8. Seller carryback note: Enter the amount of the carryback note to be executed by the buyer as partial payment of the price. Enter the amount of the note’s monthly PI payment, the interest rate and the due date for the final/balloon payment.
8.1 Special carryback provisions: Check the appropriate box to indicate any special provisions to be included in the carryback note or trust deed. Enter the name of any other special provision to be included in the carryback note or trust deed, such as impounds, discount options, extension provisions, guarantee arrangements or right of first refusal on the sale or hypothecation of the note.
8.2 Carryback disclosure: Fill out and attach a Seller Carryback Disclosure Statement as an addendum. [See first tuesday Form 300]
Editor’s note — Further approval of the disclosure statement in escrow creates by statute a buyer’s contingency allowing for cancellation until time of closing on any purchase of one-to-four unit residential property.
8.3 Notice of Delinquency: Requires the buyer to execute a Request for Notice of Delinquency and pay the costs of recording and serving it on senior lenders since they will have priority on title to the trust deed securing the carryback note.
8.4 Buyer creditworthiness: Requires the buyer to provide the seller with a completed credit application.
8.5 Approval of creditworthiness: Enter the number of days within which the seller may cancel the transaction for reasonable disapproval of the buyer’s credit application and report.

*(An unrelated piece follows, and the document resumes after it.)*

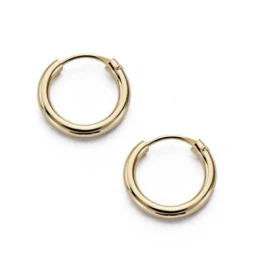 Pendientes oro 18k aros 10mm. redondos lisos ligeros criollas [AA0262]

8.6 Subordination: Provides for the seller to terminate this transaction if the parameters agreed to for financing by an assumption or origination of a trust deed loan with priority on title to the carryback note are exceeded.
8.7 Personal property as security: Requires the buyer on the transfer of any personal property in this transaction to execute a security agreement and UCC-1 financing statement to provide additional security for any carryback note.
9. Purchase price: Enter the total amount of the purchase price as the sum of lines 3, 3.1, 4, 5, 6, 7 and 8.
10. Acceptance and performance periods:
10.1 Delivery of acceptance: Check the appropriate box to indicate the time period for acceptance of the offer. If applicable, enter the number of days in which the seller may accept this offer and form a binding contract.
Editor’s note — Acceptance occurs on the return delivery to the person making the offer (or counteroffer) or to his broker of a copy of the unaltered purchase agreement offer containing the signed acceptance.
10.2 Extension of performance dates: Authorizes the brokers to extend the performance dates up to one month to meet the objectives of the agreement — time being of a reasonable duration and not the essence of this agreement as a matter of policy. This extension authority does not extend to the acceptance period.
10.3 Loan contingency: Authorizes the buyer to cancel the transaction at the time scheduled for closing if the financing for payment of the price is not obtainable or assumable.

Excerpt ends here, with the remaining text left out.